Short text fragments from websites
----------
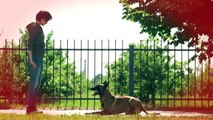 Belgian Malinois is the Smartest Dog Breed Ever!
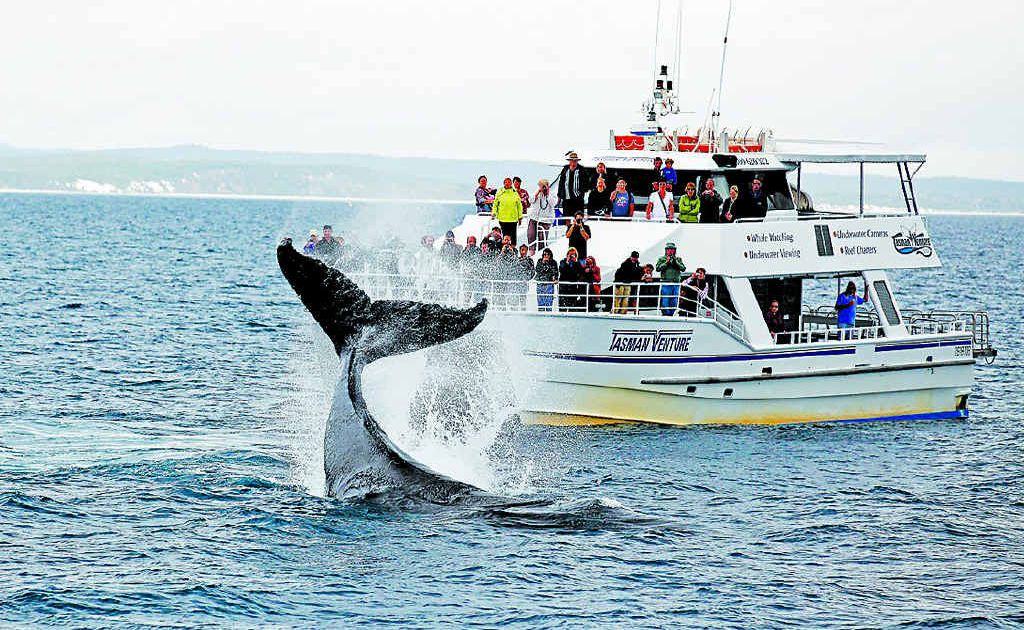 Under the new legislation, no more permits would be granted to run whale-watching businesses and operators no longer would be able to interrupt the northern migration in open ocean. Under the new legislation, no more permits would be granted to run whale-watching businesses and operators no longer would be able to interrupt the northern migration in open ocean.
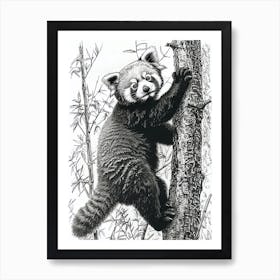Red Panda Cub Climbing A Tree Ink Illustration 4 Art Print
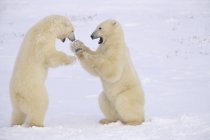 Ursos polares lutando na neve perto de Churchill, Manitoba, Canadá . — Fotografia de Stock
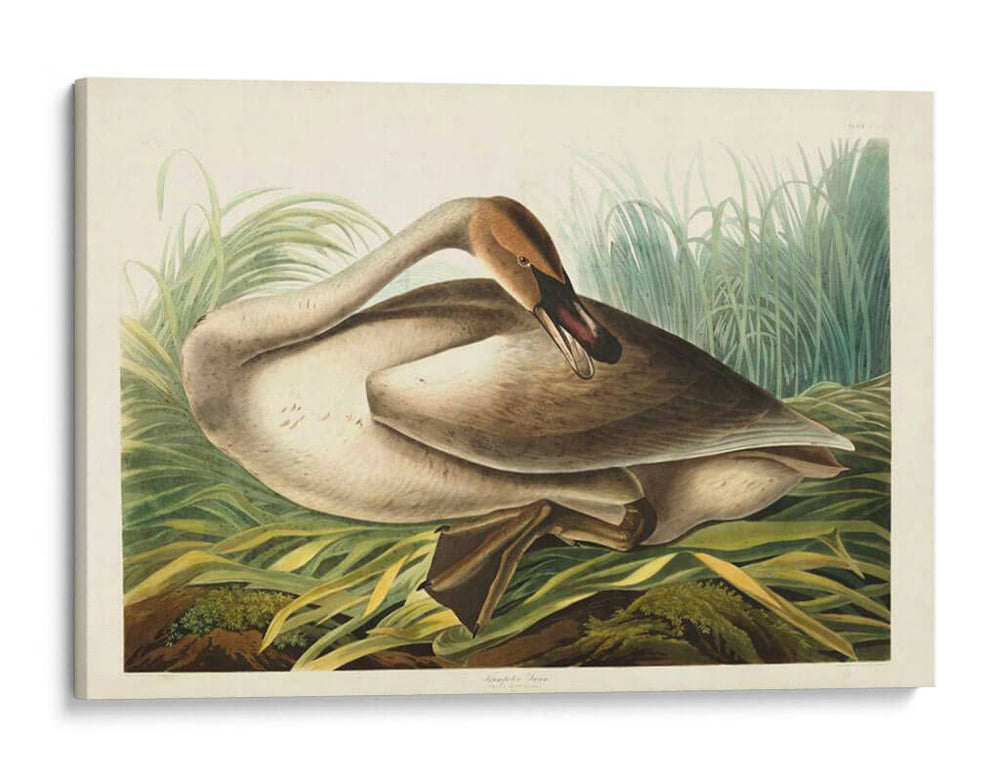 Pl 376 Trompetista Cisne - John James Audubon | Cuadro decorativo de Canvas Lab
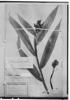 Renealmia sessilifolia image
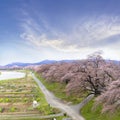 View of Cherry Blossom or Hitome Senbon Sakura festival at Shiroishi riverside and agricultural plants, Funaoka Castle Ruin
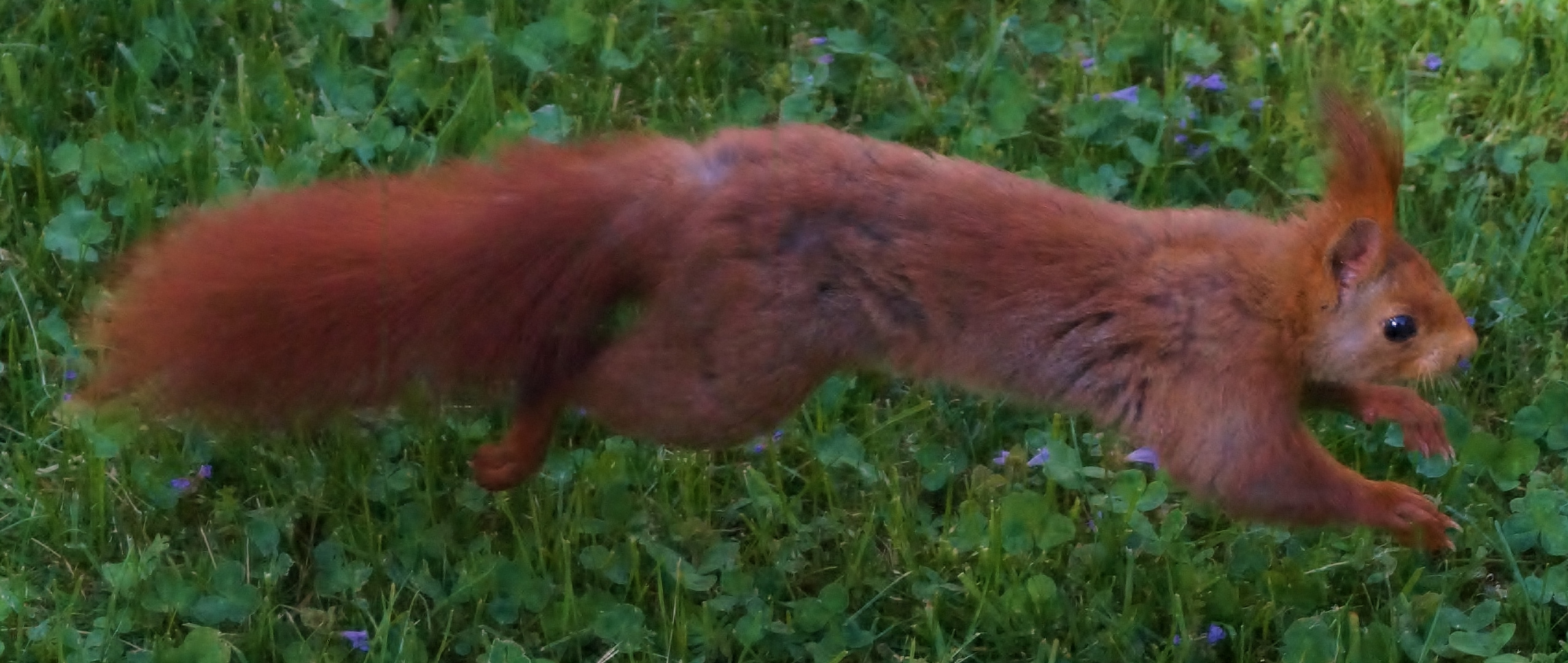 Eichkätzchen im Sprung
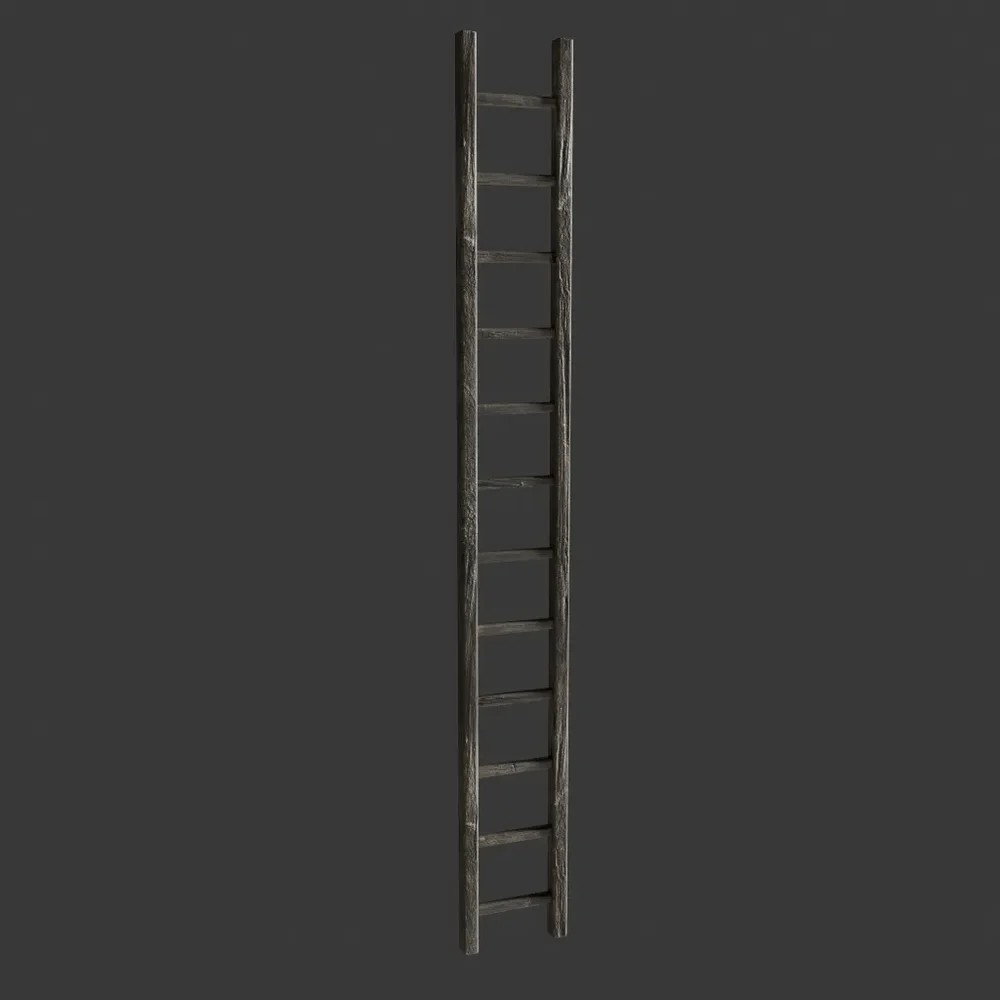 Old Wooden Ladder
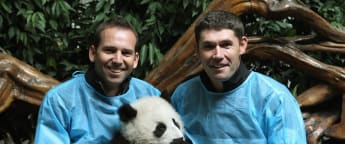 Harrington and Garcia meet Chengdu's giant pandas 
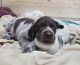 German Shorthaired Pointer Puppies for sale in Greensboro, NC, USA. price: NA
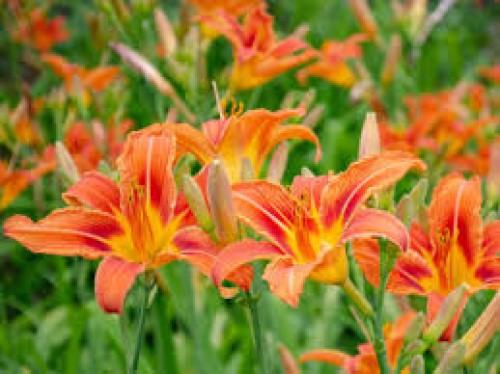 Hemerocallis — plante et accessoire de jardin à Marrakech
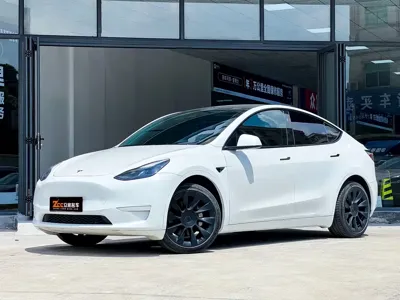 Tesla Model Y · 2024 год
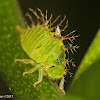 Tree hopper nymph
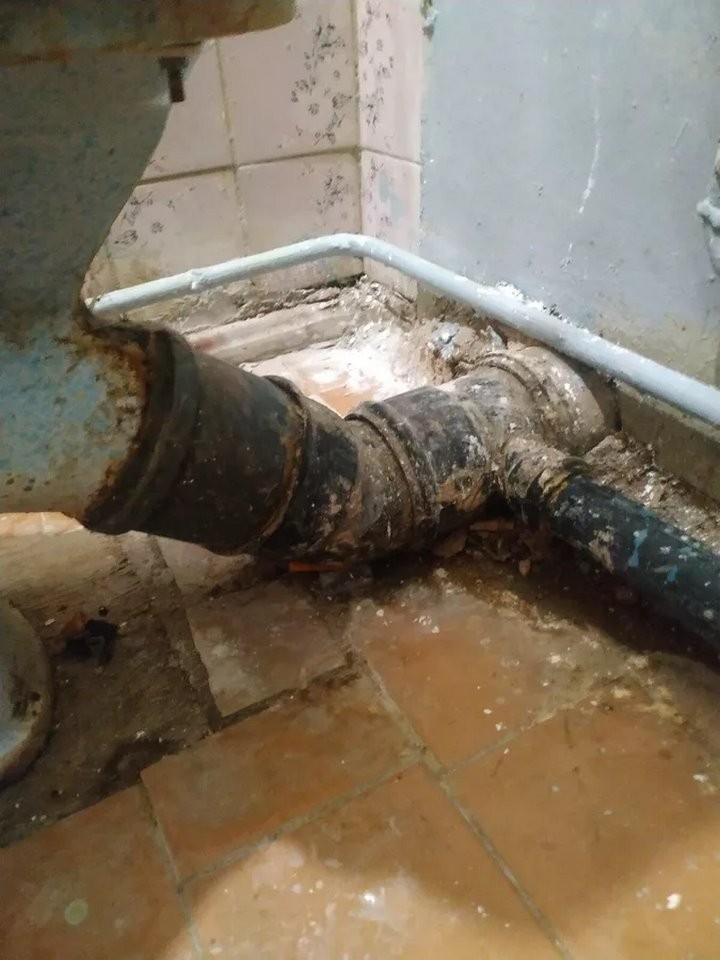 Выпускнице медколледжа выделили квартиру, в которой невозможно жить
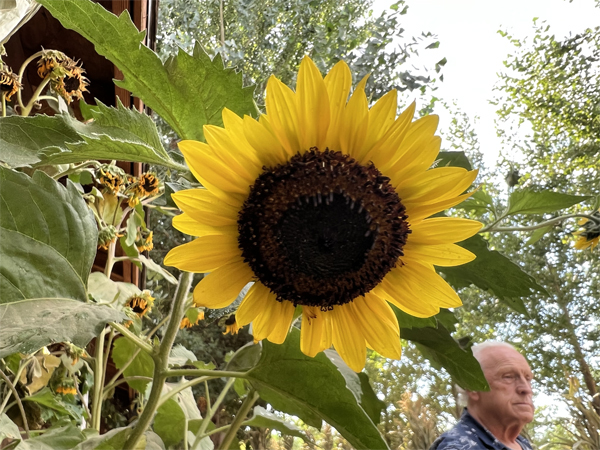 Sunflower and Lee Duquette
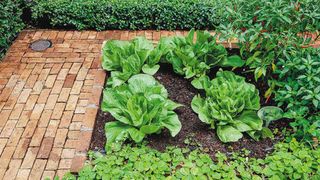 3 cách thiết thực giúp bạn tạo vườn rau xanh sạch trong nhà phố chật hẹp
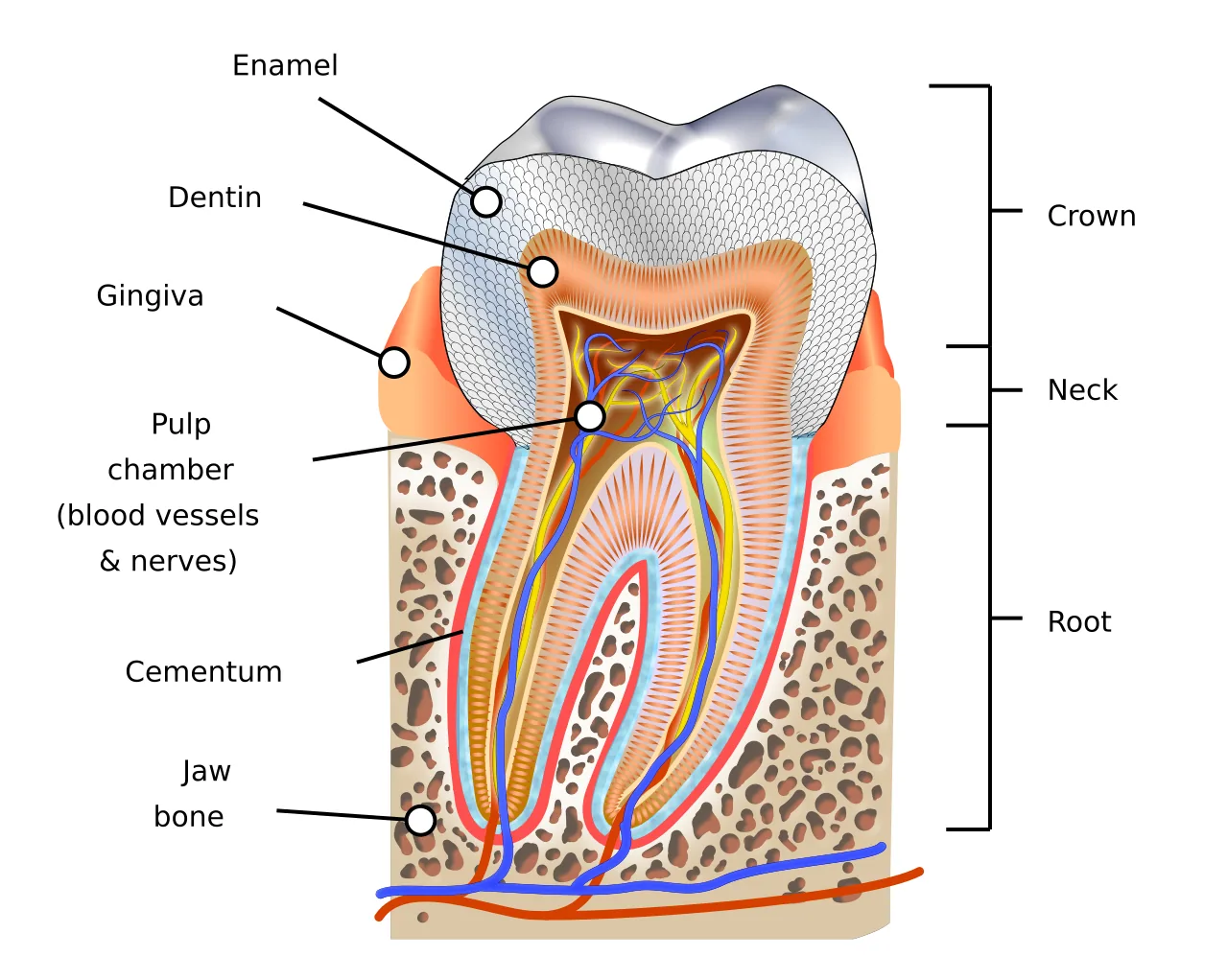 Diagrama de um molar saudável e dos tecidos que o envolvem.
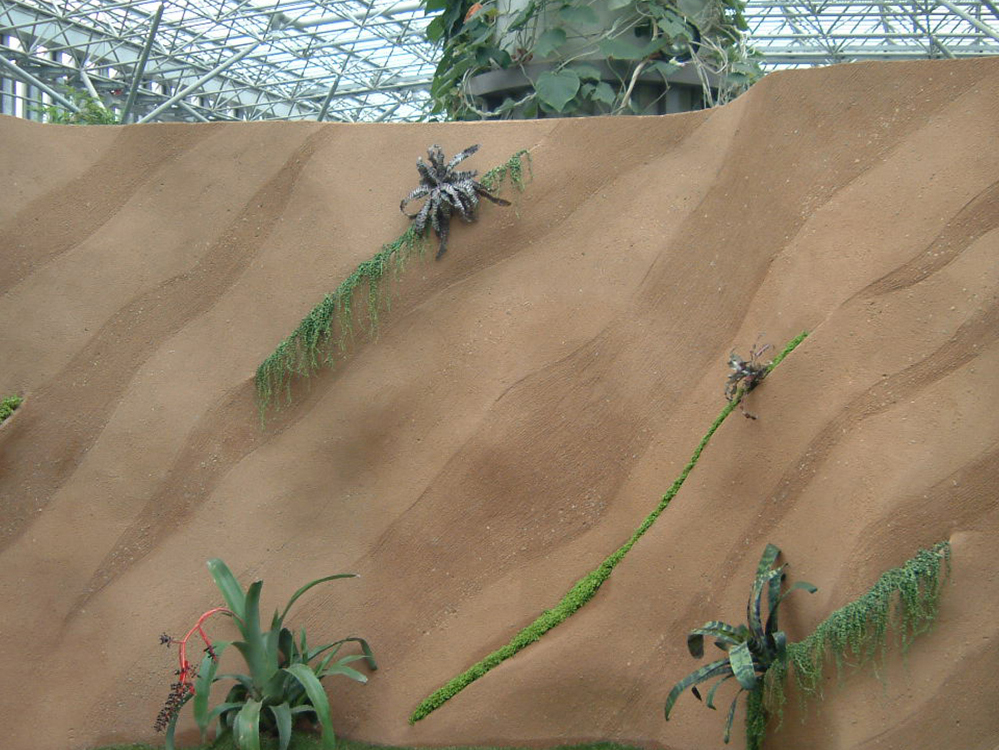 南国植物の力強さと土壁の造形が重なり、温室内に不思議な“異国の自然”をつくり出す。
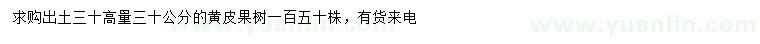 求购出土30高量30公分黄皮果树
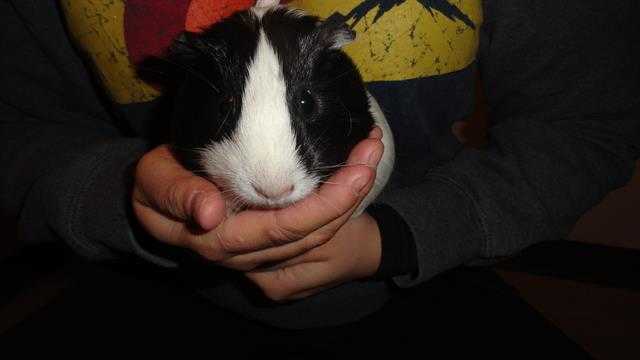 Adopt MOMMA a Black Guinea Pig / Mixed small animal in Denver, CO (24691901)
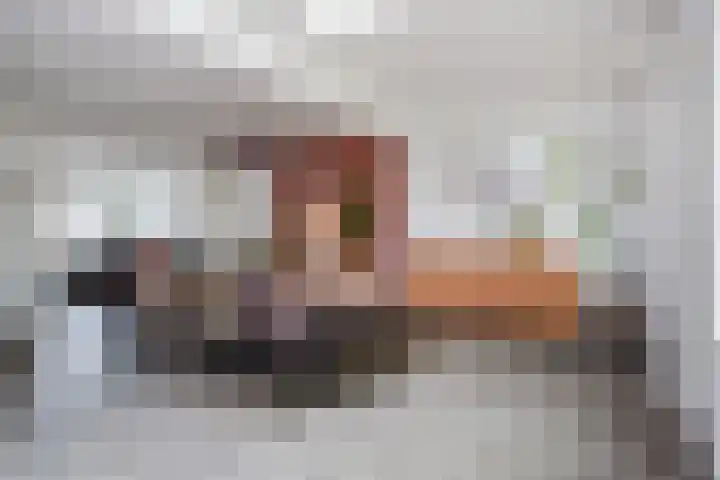 Broekmorgen 53 Uden thumbnail 18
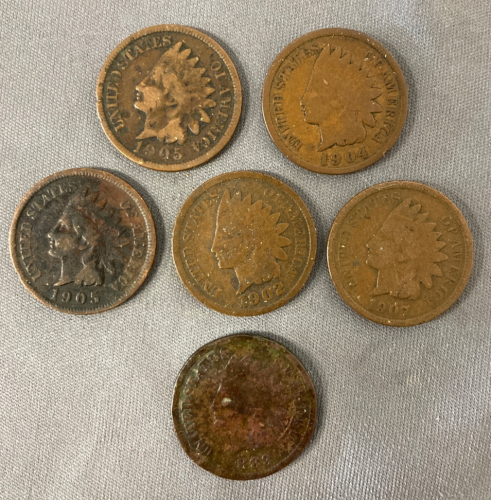 (6) Indian Head Cents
----------
Please give an exact printout of all the records, pictures aside.

RESULT BELOW
 Belgian Malinois is the Smartest Dog Breed Ever!
 Under the new legislation, no more permits would be granted to run whale-watching businesses and operators no longer would be able to interrupt the northern migration in open ocean. Under the new legislation, no more permits would be granted to run whale-watching businesses and operators no longer would be able to interrupt the northern migration in open ocean.
Red Panda Cub Climbing A Tree Ink Illustration 4 Art Print
 Ursos polares lutando na neve perto de Churchill, Manitoba, Canadá . — Fotografia de Stock
 Pl 376 Trompetista Cisne - John James Audubon | Cuadro decorativo de Canvas Lab
 Renealmia sessilifolia image
 View of Cherry Blossom or Hitome Senbon Sakura festival at Shiroishi riverside and agricultural plants, Funaoka Castle Ruin
 Eichkätzchen im Sprung
 Old Wooden Ladder
 Harrington and Garcia meet Chengdu's giant pandas 
 German Shorthaired Pointer Puppies for sale in Greensboro, NC, USA. price: NA
 Hemerocallis — plante et accessoire de jardin à Marrakech
 Tesla Model Y · 2024 год
 Tree hopper nymph
 Выпускнице медколледжа выделили квартиру, в которой невозможно жить
 Sunflower and Lee Duquette
 3 cách thiết thực giúp bạn tạo vườn rau xanh sạch trong nhà phố chật hẹp
 Diagrama de um molar saudável e dos tecidos que o envolvem.
 南国植物の力強さと土壁の造形が重なり、温室内に不思議な“異国の自然”をつくり出す。
 求购出土30高量30公分黄皮果树
 Adopt MOMMA a Black Guinea Pig / Mixed small animal in Denver, CO (24691901)
 Broekmorgen 53 Uden thumbnail 18
 (6) Indian Head Cents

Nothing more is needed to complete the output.